The lazy migration mechanism is necessary for the rest of the patch set, but it has value on its own. So the feature is made available to user space with the MPOL_MF_LAZY flag; it is intended to be used with the MPOL_MF_MOVE flag, which would otherwise force the immediate migration of the affected pages. There is also a new MPOL_MF_NOOP flag allowing the calling process to request the migration of pages according to the current policy without changing (or even knowing) that policy.

With lazy migration, memory distributed across a system as the result of memory allocation and scheduling decisions can be slowly pulled back to the optimal node. But it is better to avoid making that kind of mess in the first place. So the second part of the patch set starts by adding the concept of a "home node" to a process. Each process (or "NUMA entity" - meaning groups containing a set of processes) is assigned a home node at fork() time. The scheduler will then try hard to avoid moving a process off its home node, but within bounds: a process will still be run on a non-home node if the alternative would be an unbalanced system. Memory allocations will, by default, be performed on the home node, even if the process is running elsewhere at the time.
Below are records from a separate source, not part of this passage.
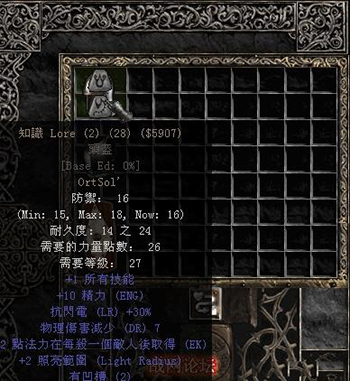 暗黑2新手符文之语装备2.jpg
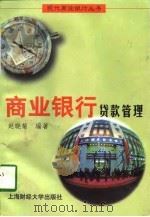 商业银行贷款管理（1996 PDF版）
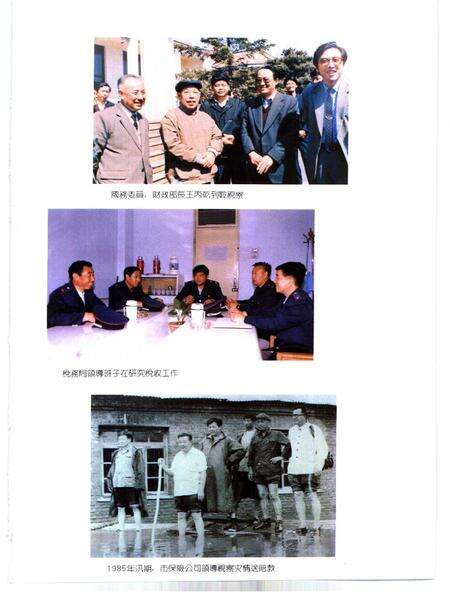 1993-鞍山市志  财政金融卷.pdf电子版_辽宁省志预览图4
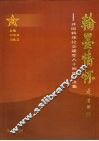 翰墨情怀:开国将领纪念建军八十周年书法集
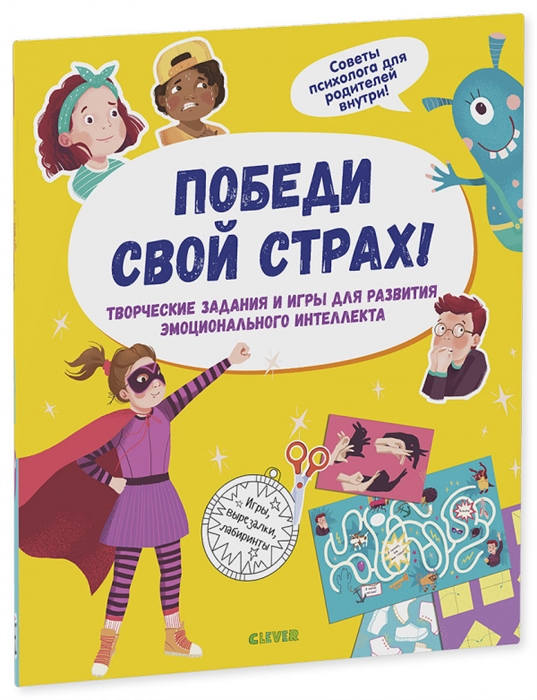 

Победи свой страх Творческие задания и игры для развития эмоционального интеллекта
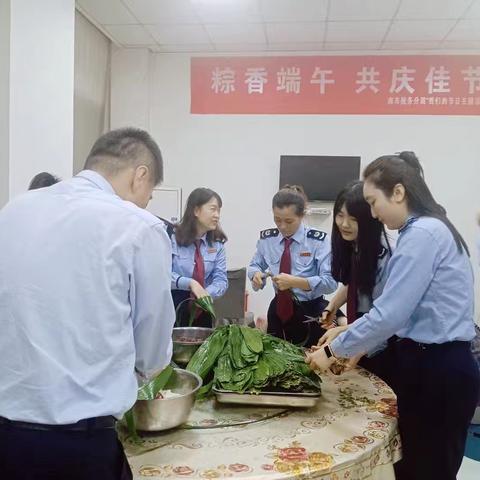 宝塔区税务局南市税务分局：端午清风扬正气 纪律“粽”香沁人心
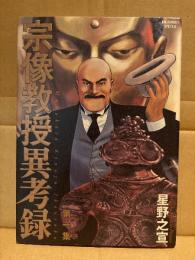 星野之宣「宗像教授異考録 第1集」ビッグコミック BIG COMICS SPECIAL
These policies should minimize the scattering of memory across the system, but, with this kind of scheduling regime, it is inevitable that, eventually, one node will end up with too many processes and too little memory while others are underutilized. So, sometimes, it will be necessary to rebalance things. When the scheduler notices that long-running tasks are being forced away from their home nodes - or that they are having to allocate memory non-locally - it will consider migrating them to a new node. Migration is not a half-measure in this case; the scheduler will move both the process and its memory (using the lazy migration mechanism) to the target node. The move is expensive, but the process (and the system) should run much more efficiently once it's done. It only makes sense for processes that are going to be around for a while, though; the patch set tries to approximate that goal by only considering processes with at least one second of run time for migration.

The final piece is a pair of new system calls allowing processes to be put into "NUMA groups" that will share the same home node. If one of them is migrated, the entire group will be migrated. The first system call is:

    int numa_tbind(int tid, int ng_id, unsigned long flags);

This system call will bind the thread identified by tid to the NUMA group identified by ng_id; the flags argument is currently unused and must be zero. If ng_id is passed as MS_ID_GET, the system call will, instead, simply return the current NUMA group ID for the given thread. A value of MS_ID_NEW, instead, creates a new NUMA group, binds the thread to that group, and returns the new ID.

The second new system call is:

    int numa_mbind(void *addr, unsigned long len, int ng_id, unsigned long flags);

This call will set up a memory policy for the region of len bytes starting at addr and bind it to the NUMA group identified by ng_id. If necessary, lazy migration will be used to move the memory over to the node where the given NUMA group is based. Once again, flags is unused and must be zero. Once the memory is bound to the NUMA group, it will stay with the processes in that group; if the processes are moved, the memory will move with them.

Peter provided some benchmark results from a two-node system. Without the NUMA balancing patches, over time, the benchmark ended up with just as many remote memory accesses as local accesses - allocated memory was spread across the system. With the NUMA balancer, 86% of the memory accesses were local, leading to a significant speedup. As Peter put it: "These numbers also show that while there's a marked improvement, there's still some gain to be had. The current numa balancer is still somewhat fickle." A certain amount of fickleness is perhaps to be expected for such an involved patch set, given how young it is. Given some time, reviews, and testing, it should evolve into a solid scheduler component, giving Linux far better NUMA performance than it has ever had in the past.